I How Do Transition Functions Define a Möbius Strip in Fiber Bundles?

[cianfa72]

TL;DR Summary

Möbius strip fiber bundle defined through 'gluing instructions' between its two charts

Hi,

starting from this (old) thread

But suppose instead that the $ϕ_{12}(b)$ is the identity map on $F$ for all $b$ in $X$, and the map $f↦−f$ for all $b$ in $Y$. Then the bundle is a Möbius strip.

I'm a bit confused about the following: the transition function $ϕ_{12}(b)$ is defined just on the intersection $U_1\cap U_2$ and as said in that thread it actually amounts to the 'instructions' to glue together the two charts to obtain the Möbius strip.

Neverthless my doubt is: what about the 2 points in $S^1$ (the base space) not taken in account ? On that points (and for the corresponding fibers) we actually do not define any 'gluing instruction' ?

 

[lavinia]

The gluing instruction is to paste with a reflection, multiplication by $-1$ if you view the fibers as copies of the interval $[-1,1]$.

If you use circles rather than intervals as the fibers then the gluing instruction to paste by reflection around an axis of the circle gives a fiber bundle whose fibers are circles. Geometrically it is a closed surface called the Klein Bottle.

 

[cianfa72]

The gluing instruction is to paste with a reflection, multiplication by $-1$ if you view the fibers as copies of the interval $[-1,1]$.

Sorry, as far as I understood, the intersection $U_1\cap U_2$ is made of two disjoint subsets (name it $X$ and $Y$).

For Möbius strip the gluing instruction for fibers 'staying' onto base points belonging to $A$ are different from that 'staying' on point belonging on $B$. Namely for fibers staying on $A$ points the gluing instruction is "paste without reflection" rather than with reflection (multiplication by -1) for fibers staying on $B$ points

 

[lavinia]

Sorry, as far as I understood, the intersection $U_1\cap U_2$ is made of two disjoint subsets (name it $X$ and $Y$).

For Möbius strip the gluing instruction for fibers 'staying' onto base points belonging to $A$ are different from that 'staying' on point belonging on $B$. Namely for fibers staying on $A$ points the gluing instruction is "paste without reflection" rather than with reflection (multiplication by -1) for fibers staying on $B$ points

On one interval paste without reflection. On the other paste with reflection. Imagine making a Mobius band out of a strip of paper and it will be clear.

 

[cianfa72]

On one interval paste without reflection. On the other paste with reflection. Imagine making a Mobius band and it will be clear.

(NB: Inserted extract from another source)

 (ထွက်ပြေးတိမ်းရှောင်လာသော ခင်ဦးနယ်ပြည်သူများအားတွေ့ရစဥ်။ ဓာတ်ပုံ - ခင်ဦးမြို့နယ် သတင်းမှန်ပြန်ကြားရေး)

That's clear to me. My concern is about the two points that do not belong to the intersection $U_1\cap U_2$ thus to neither $X$ nor $Y$. For the fibers 'over' them (preimage under bundle projection of those two points in the base space) the gluing procedure does not apply at all ?

 

[lavinia]

That's clear to me. My concern is about the two points that do not belong to the intersection $U_1\cap U_2$ thus to neither $X$ nor $Y$. For the fibers 'over' them (preimage under bundle projection of those two points in the base space) the gluing procedure does not apply at all ?

I am not sure what two points you mean.

The picture I have is the circle covered by two over lapping segments that intersect in two disjoint open intervals.

On one interval the transition function is the identity and on the other it is reflection.

 

[cianfa72]

The picture I have is the circle covered by two over lapping segments that intersect in two disjoint open intervals.

These two disjoint open intervals do not cover the entire circle $S^1$ , right ?
So, what about fibers over the other (two) points belonging to $S^1$ ? That is my question !

 

[lavinia]

These two disjoint open intervals do not cover the entire circle $S^1$ , right ?
So, what about fibers over the other (two) points belonging to $S^1$ ? That is my question !

The rest of the circle you do nothing. There is no transition function.

 

[cianfa72]

The rest of the circle you do nothing. There is no transition function.

As explained by @Fredrik in that thread, take the base $B=S^1$ and let $U_1=S^1-\{(0,1)\}$ and $U_2=S^1-\{(0,-1)\}$.

Now $U_1 \cap U_2$ --made of the two disjoint subsets $X$ and $Y$ of $S^1$-- does not cover enterely $S^1$ because $\{(0,1)\}$ and $\{(0,-1)\}$ are not included there.

 

[lavinia]

As explained by @Fredrik in that thread, take the base $B=S^1$ and let $U_1=S^1-\{(0,1)\}$ and $U_2=S^1-\{(0,-1)\}$.

Now $U_1 \cap U_2$ --made of the two disjoint subsets $X$ and $Y$ of $S^1$-- does not cover enterely $S^1$ because $\{(0,1)\}$ and $\{(0,-1)\}$ are not included there.

Right.

Gluing happens only on intersections.

 

[zinq]

I would suggest that, when quoting a problem to start a new thread, quote the whole problem.